YOUR ASSIGNMENT: Exactly reproduce the line containing "Fahrzeugabbildung Opel Combo" and all later lines to the end of the entries, leaving the pictures out of your copy.

INFORMATION:
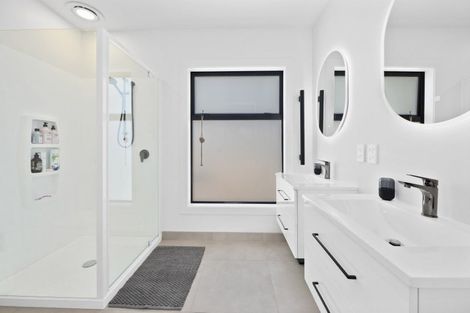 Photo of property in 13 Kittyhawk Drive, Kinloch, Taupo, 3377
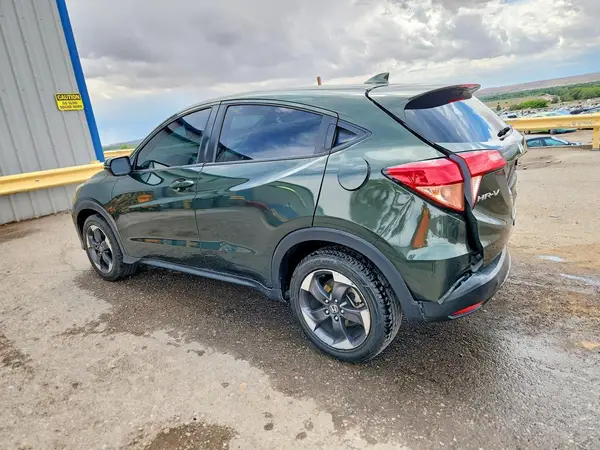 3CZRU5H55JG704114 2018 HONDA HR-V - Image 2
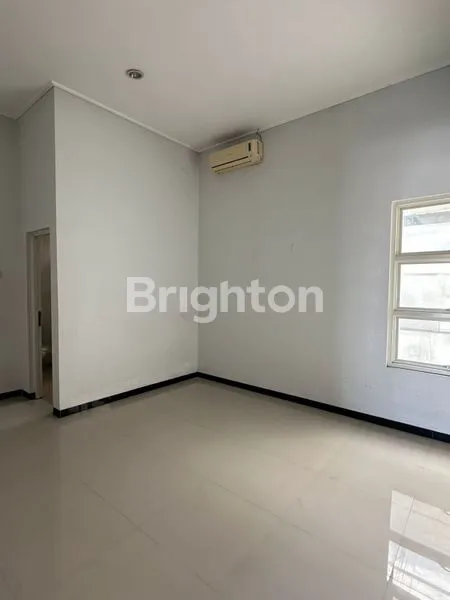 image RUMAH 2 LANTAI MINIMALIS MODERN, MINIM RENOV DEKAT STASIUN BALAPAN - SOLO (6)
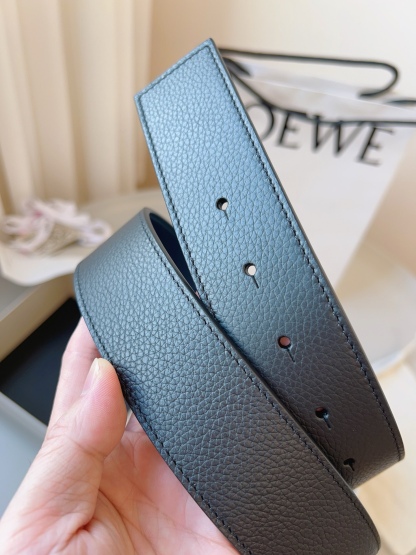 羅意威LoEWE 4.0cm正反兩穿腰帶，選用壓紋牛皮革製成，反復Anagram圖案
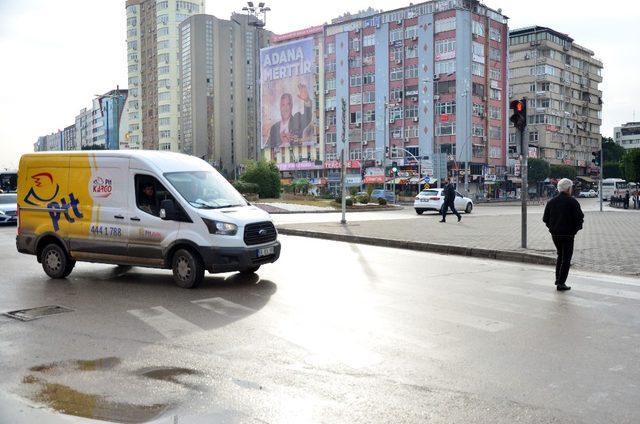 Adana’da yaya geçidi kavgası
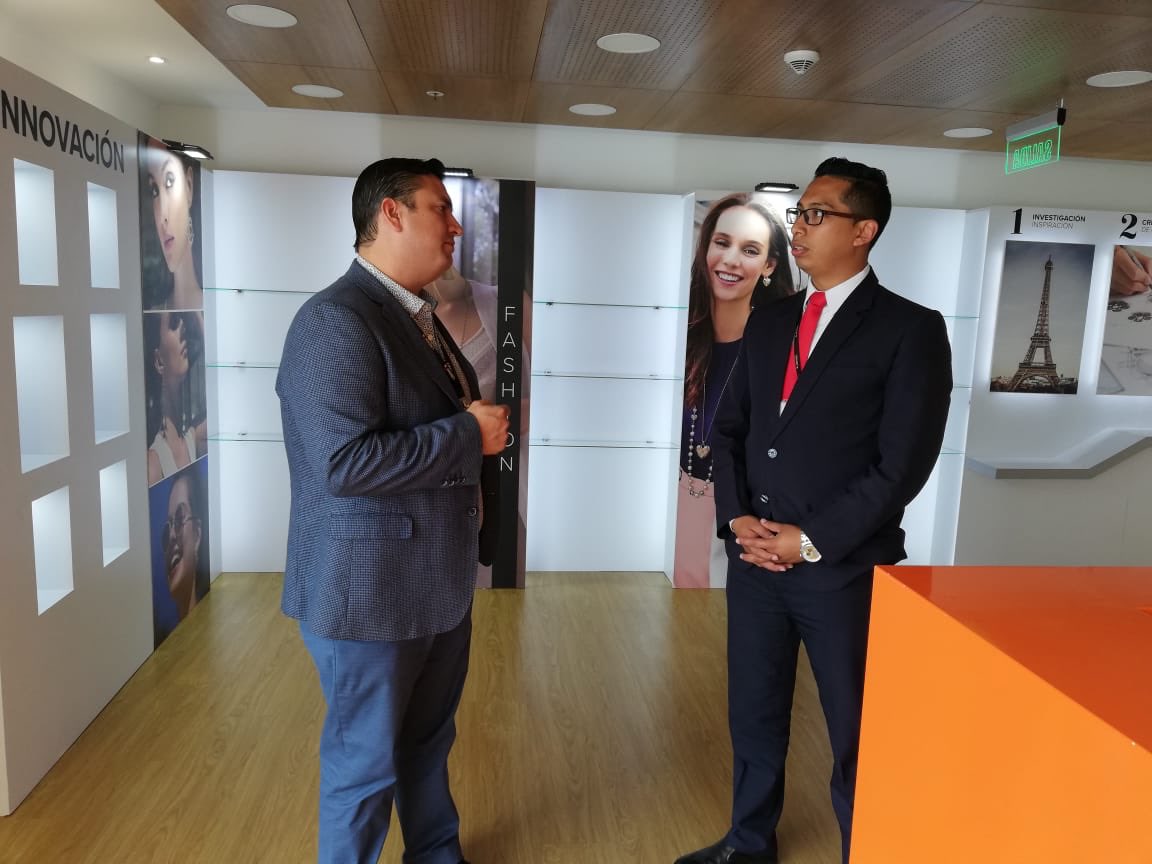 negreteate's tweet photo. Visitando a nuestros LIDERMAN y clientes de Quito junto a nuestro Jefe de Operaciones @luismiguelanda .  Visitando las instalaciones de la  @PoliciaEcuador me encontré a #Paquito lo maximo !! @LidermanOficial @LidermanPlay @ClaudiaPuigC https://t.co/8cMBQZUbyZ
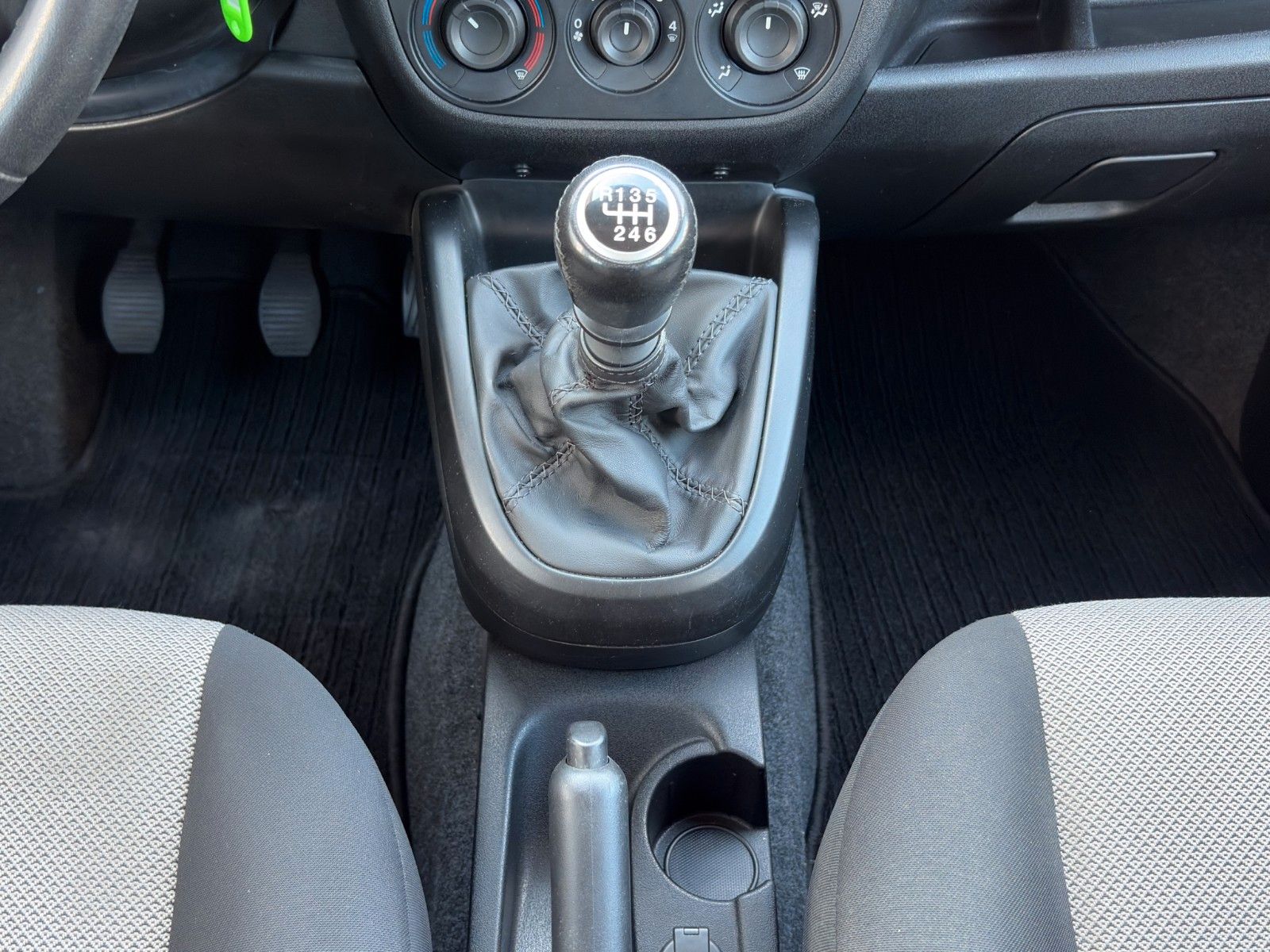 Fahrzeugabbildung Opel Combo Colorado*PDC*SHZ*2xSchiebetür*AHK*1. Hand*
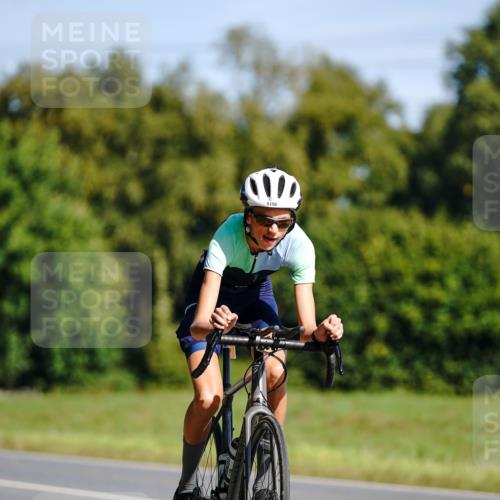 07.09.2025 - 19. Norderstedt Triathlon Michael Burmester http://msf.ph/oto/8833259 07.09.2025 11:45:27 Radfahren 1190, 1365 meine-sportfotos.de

REPLY TO THE EXERCISE:
 Fahrzeugabbildung Opel Combo Colorado*PDC*SHZ*2xSchiebetür*AHK*1. Hand*
 07.09.2025 - 19. Norderstedt Triathlon Michael Burmester http://msf.ph/oto/8833259 07.09.2025 11:45:27 Radfahren 1190, 1365 meine-sportfotos.de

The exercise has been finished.